Fausses solutions et double échec

Les débats ont également porté sur la généralisation du principe de “crédits biodiversité” sur le modèle des crédits carbone, une proposition soutenue par l’actuelle ministre de la transition écologique Agnès Pannier-Runacher. Cependant, de nombreuses études ont démontré l’inefficacité des crédits biodiversité depuis leur première mise en place en 1972 sous l’administration Nixon aux États-Unis, visant à protéger les zones humides. Détruire une zone humide en Pologne en échange d’un reboisement en Indonésie est un non sens écologique. Ces crédits promettent juste une marchandisation de la destruction de la nature sans permettre de réelle compensation des impacts écologiques.

Cette COP s’est surtout soldée par un double échec : l'absence d'adoption de règles ambitieuses et d'indicateurs fiables pour mesurer la réalité des efforts des pays depuis la COP 27, ainsi que l'absence d'accord sur le financement des mesures de protection de la biodiversité.

L’absence d’Emmanuel Macron : un signal regrettable

Dans un contexte où la mobilisation des dirigeants mondiaux est cruciale, l’absence du président de la République française à la COP16, comme aux précédentes, est regrettable. La chaise vide laissée par la France lors des COP, tout comme sa très faible contribution aux fonds mondiaux issus de l’accord de Kunming-Montréal, envoient un signal négatif quant à l’engagement de notre pays pour la biodiversité.

Ce désengagement de la France est d’autant plus regrettable que la biodiversité française est d’une richesse exceptionnelle, englobant des écosystèmes variés : forêts, montagnes, zones humides et littoraux.

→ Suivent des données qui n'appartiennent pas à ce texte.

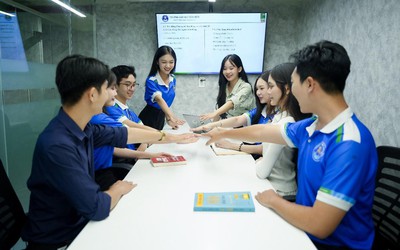 Xét học bạ, thêm cơ hội nhận học bổng cho thí sinh 2K8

Notre pays abrite près de 10% de la biodiversité mondiale ! Nous avons donc un rôle fondamental à jouer dans la lutte mondiale contre l’extinction de masse des espèces. 

Malheureusement, si des plans ont été annoncés, ils manquent de moyens et de mesures de régulation contraignantes. La division par deux du budget alloué à la stratégie nationale pour la biodiversité prévue par le gouvernement Barnier est inadmissible. Les élu⸱es écologistes, appuyé⸱es par des ONG et des scientifiques, plaident pour une augmentation des financements publics pour la préservation de la biodiversité et pour une réforme des subventions néfastes, comme celles qui encouragent la monoculture intensive.

Aminata Niakaté et Sophie Bussière, porte-paroles nationales
Pauline Nales, représentante des Écologistes français au Global greens
La commission Biodiversité et nature


* IPBES : Plateforme intergouvernementale scientifique et politique sur la biodiversité et les services écosystémiques

** Une étude de 2022 réalisée conjointement par 12 grandes universités dans le monde, dont Harvard et Oxford, a démontré que 400 000 morts dans le monde étaient d’ores-et-déjà dûs chaque année au déclin des pollinisateurs.